Keywordschronic kidney disease, graft survival, kidney transplant recipients, kidney transplantation, transplant failure, transplant management
The Chronic Kidney Disease Classification, 676
Rationale for Including Kidney Transplant Recipients in the Chronic Kidney Disease Classification, 678
Applicability of the Chronic Kidney Disease Classification in Transplant Recipients, 678
Prevalence of Chronic Kidney Disease in Kidney Transplant Recipients, 678
Prevalence of Chronic Kidney Disease–Related Complications in Kidney Transplant Recipients, 679
The Predictive Value of Chronic Kidney Disease Staging for Outcomes Among Kidney Transplant Recipients, 679
Chronic Kidney Disease Management, 680
Chronic Kidney Disease Care Before Transplantation, 680
Chronic Kidney Disease Care in the Peritransplant Period, 680
Chronic Kidney Disease Care in Patients With a Functioning Allograft, 680
Chronic Kidney Disease Care in Patients With Transplant Failure, 681
There now are more than 200,000 prevalent kidney transplant recipients (KTRs) in the United States, more than double the number of patients in 2000. A significant proportion of prevalent KTRs will have decreased kidney function and be at risk for complications related to chronic kidney disease (CKD), including cardiovascular disease, mineral and bone disorders, metabolic acidosis, hypoalbuminemia, and anemia. Even among patients with “normal” kidney function, the burden of previous exposure to uremia and dialysis often carries through to the posttransplant period. In this chapter, we will review the current classification of CKD, potential advantages for including patients in the CKD classification, and the applicability of the CKD classification in KTRs, as well as the relevant clinical management considerations before transplantation, during the period of allograft function, and after allograft failure.

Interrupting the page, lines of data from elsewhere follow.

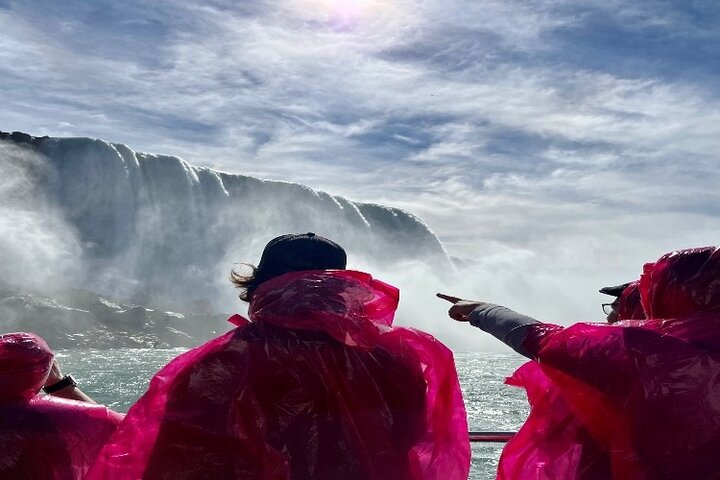 Niagara Falls Tour: Boat Cruise, Journey Behind Falls and Skylon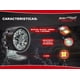thumbnail image 4 of Faro 6 Led Bicolor Redondo Moto Auto Fijo Estrobo 12v, 4 of 7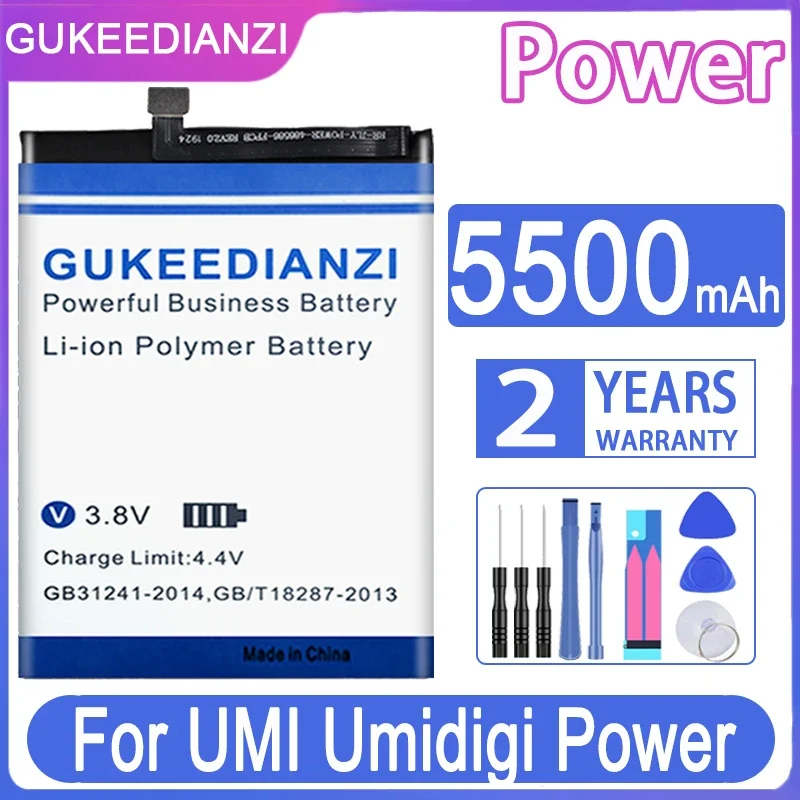 

GUKEEDIANZI Replacement Battery 5500mAh For UMI Umidigi Power Portable batteries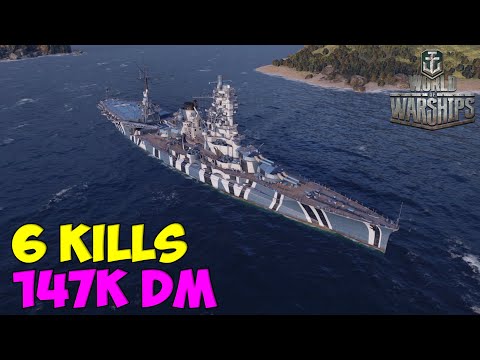 World of WarShips | Ise | 6 KILLS | 147K Damage - Replay Gameplay 4K 60 fps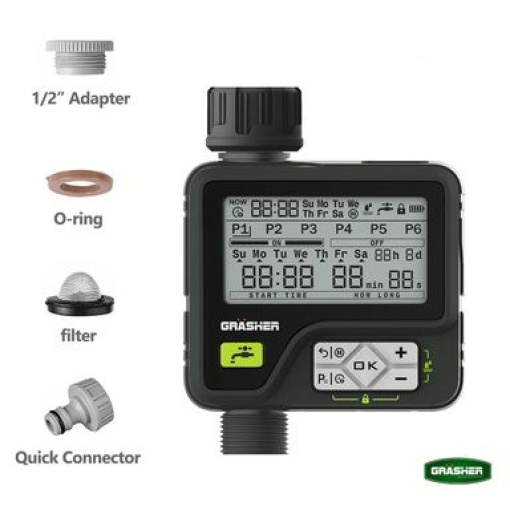 Προγραμματιστής Ποτίσματος Ψηφιακός GRASHER WT6085 5 Προγραμματιστής Ποτίσματος Ψηφιακός GRASHER WT6085 - Image 5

The Chronic Kidney Disease Classification
The National Kidney Foundation’s Kidney Disease Outcomes Quality Initiative (NKF K/DOQI) clinical practice guidelines published in 2002 defined CKD as either kidney damage or glomerular filtration rate (GFR) <60 mL/min/1.73 m 2 for ≥3 months, irrespective of cause. Kidney damage was defined by structural or functional abnormalities of the kidney, with or without decreased GFR, as manifested by either pathological abnormalities or markers of kidney damage (i.e., abnormalities on blood or urine tests or abnormal imaging tests). These guidelines also proposed a classification of CKD based solely on the level of GFR. Five stages of CKD were defined, and each stage had an associated action plan. The initial NKF K/DOQI CKD guidelines recommend referral to a specialist if the clinical action plan cannot be prepared, or if the prescribed evaluation or recommended treatment cannot be carried out. The guidelines further recommend that, in general, patients with GFR <30 mL/min/1.73 m 2 be referred to a nephrologist.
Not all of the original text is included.